**Problem**.
Set down again exactly the lines of the listing below that fall between the line holding "公園湖邊擺放的玻璃鋼創意鱷魚雕塑 公園湖邊擺放的玻璃鋼創意鱷魚雕塑" and the line holding "Aerial image Bernau", inclusive.

Top of Data for the task

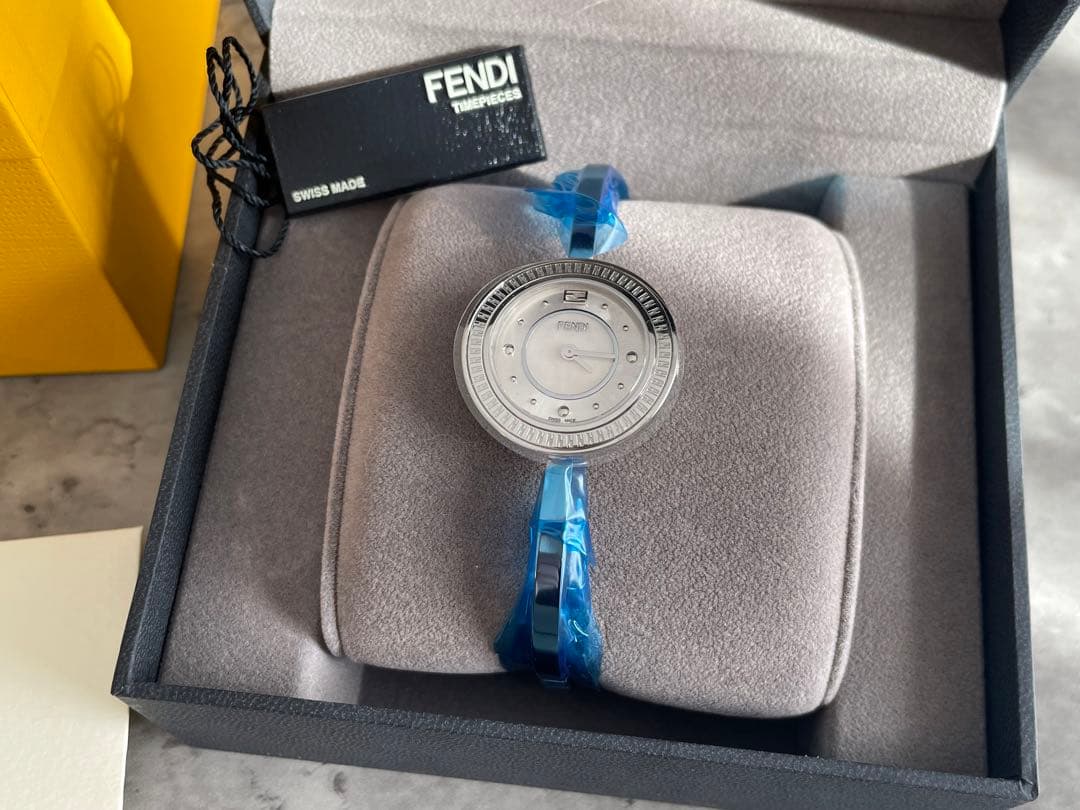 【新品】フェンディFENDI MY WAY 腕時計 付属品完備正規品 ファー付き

Bottom of Data for the task
Top of Data for the task

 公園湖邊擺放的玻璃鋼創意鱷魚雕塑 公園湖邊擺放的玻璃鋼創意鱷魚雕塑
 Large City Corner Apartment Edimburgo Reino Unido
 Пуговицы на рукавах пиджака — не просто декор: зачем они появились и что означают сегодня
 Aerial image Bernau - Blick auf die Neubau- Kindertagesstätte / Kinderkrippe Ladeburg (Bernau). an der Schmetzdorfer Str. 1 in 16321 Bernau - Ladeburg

Bottom of Data for the task

**Solved exercise**.
 公園湖邊擺放的玻璃鋼創意鱷魚雕塑 公園湖邊擺放的玻璃鋼創意鱷魚雕塑
 Large City Corner Apartment Edimburgo Reino Unido
 Пуговицы на рукавах пиджака — не просто декор: зачем они появились и что означают сегодня
 Aerial image Bernau - Blick auf die Neubau- Kindertagesstätte / Kinderkrippe Ladeburg (Bernau). an der Schmetzdorfer Str. 1 in 16321 Bernau - Ladeburg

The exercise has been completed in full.